I don't think about myself often.

If I do, I usually end up spiraling into a depression because the concept of life scares me. Existence is terrifying. The fact that we, our planet as a whole, are but a speck in a vast and somehow infinite space is horrifying. How does that even work? How can something be infinite? What lies outside of the infinite?

I ramble when I write just like when I talk. It's a good think I can type pretty much as fast as I think. I have a lot of thoughts and too few emotions. Or too many emotions. Still haven't quite figured that out. I feel a lot, I guess, but I don't recognize or can't name most of them.

I don't think I regret a lot in my life. There are small things like thinking I could steal $80+ worth of stuff from Walmart and getting caught but even that is a fleeting thought because they just made me pay and gave me a warning. I got cocky and I've learned since then.

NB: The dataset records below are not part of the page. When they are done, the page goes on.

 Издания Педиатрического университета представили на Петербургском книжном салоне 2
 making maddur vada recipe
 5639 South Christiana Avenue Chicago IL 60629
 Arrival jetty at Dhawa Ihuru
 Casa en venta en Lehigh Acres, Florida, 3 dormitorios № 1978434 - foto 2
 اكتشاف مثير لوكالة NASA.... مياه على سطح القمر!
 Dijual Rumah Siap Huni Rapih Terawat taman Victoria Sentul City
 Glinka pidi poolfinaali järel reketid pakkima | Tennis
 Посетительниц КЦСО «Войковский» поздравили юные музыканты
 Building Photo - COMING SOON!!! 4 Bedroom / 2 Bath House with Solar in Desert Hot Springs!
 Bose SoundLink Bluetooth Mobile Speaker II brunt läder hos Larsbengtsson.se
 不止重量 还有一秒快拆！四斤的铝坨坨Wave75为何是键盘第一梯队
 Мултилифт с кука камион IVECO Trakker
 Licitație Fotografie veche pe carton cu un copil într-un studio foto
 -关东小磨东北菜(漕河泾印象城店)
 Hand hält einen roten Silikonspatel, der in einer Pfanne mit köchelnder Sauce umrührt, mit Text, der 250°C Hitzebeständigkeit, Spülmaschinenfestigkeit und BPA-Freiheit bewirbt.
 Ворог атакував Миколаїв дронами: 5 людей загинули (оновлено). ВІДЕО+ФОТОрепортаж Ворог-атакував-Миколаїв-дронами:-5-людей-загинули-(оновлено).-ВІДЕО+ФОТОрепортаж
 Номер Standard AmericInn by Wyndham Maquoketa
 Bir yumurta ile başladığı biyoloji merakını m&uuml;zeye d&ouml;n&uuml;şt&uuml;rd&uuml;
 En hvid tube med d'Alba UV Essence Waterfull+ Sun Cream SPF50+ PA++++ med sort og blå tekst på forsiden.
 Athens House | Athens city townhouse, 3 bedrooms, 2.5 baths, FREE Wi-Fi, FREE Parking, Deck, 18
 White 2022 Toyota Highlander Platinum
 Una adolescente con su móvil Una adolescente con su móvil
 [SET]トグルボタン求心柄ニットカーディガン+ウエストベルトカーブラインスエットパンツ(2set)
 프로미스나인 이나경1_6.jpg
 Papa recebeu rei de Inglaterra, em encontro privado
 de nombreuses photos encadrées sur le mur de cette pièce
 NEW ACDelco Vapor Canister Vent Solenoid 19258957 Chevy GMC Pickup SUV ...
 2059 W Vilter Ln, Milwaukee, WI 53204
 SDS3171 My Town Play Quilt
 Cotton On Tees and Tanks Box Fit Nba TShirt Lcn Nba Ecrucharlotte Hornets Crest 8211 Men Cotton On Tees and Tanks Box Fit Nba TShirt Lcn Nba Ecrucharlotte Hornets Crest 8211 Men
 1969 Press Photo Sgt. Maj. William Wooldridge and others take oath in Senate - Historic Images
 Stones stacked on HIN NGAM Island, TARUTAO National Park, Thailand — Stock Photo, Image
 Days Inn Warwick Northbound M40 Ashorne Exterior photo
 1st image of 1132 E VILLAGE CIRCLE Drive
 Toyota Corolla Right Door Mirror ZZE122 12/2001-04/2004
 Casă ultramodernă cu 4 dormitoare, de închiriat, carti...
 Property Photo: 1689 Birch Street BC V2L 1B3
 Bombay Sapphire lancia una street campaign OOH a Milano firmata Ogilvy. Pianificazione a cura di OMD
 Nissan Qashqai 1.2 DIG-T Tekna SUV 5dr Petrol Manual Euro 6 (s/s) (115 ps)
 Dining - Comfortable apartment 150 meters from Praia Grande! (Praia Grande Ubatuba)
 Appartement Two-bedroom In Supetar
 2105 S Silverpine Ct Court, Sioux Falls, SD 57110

I regret small things that speak a lot to my character as well. It's a small thing to get fast with my hands (I'm referring to riding horses right now), but it speaks to my character that I not only do it so quickly but so easily. I don't think twice about it and only regret it after the fact. I'm too emotional when I ride but I also think that riding is one of the few places where I feel so little. Where everything is blocked out and I refuse to feel.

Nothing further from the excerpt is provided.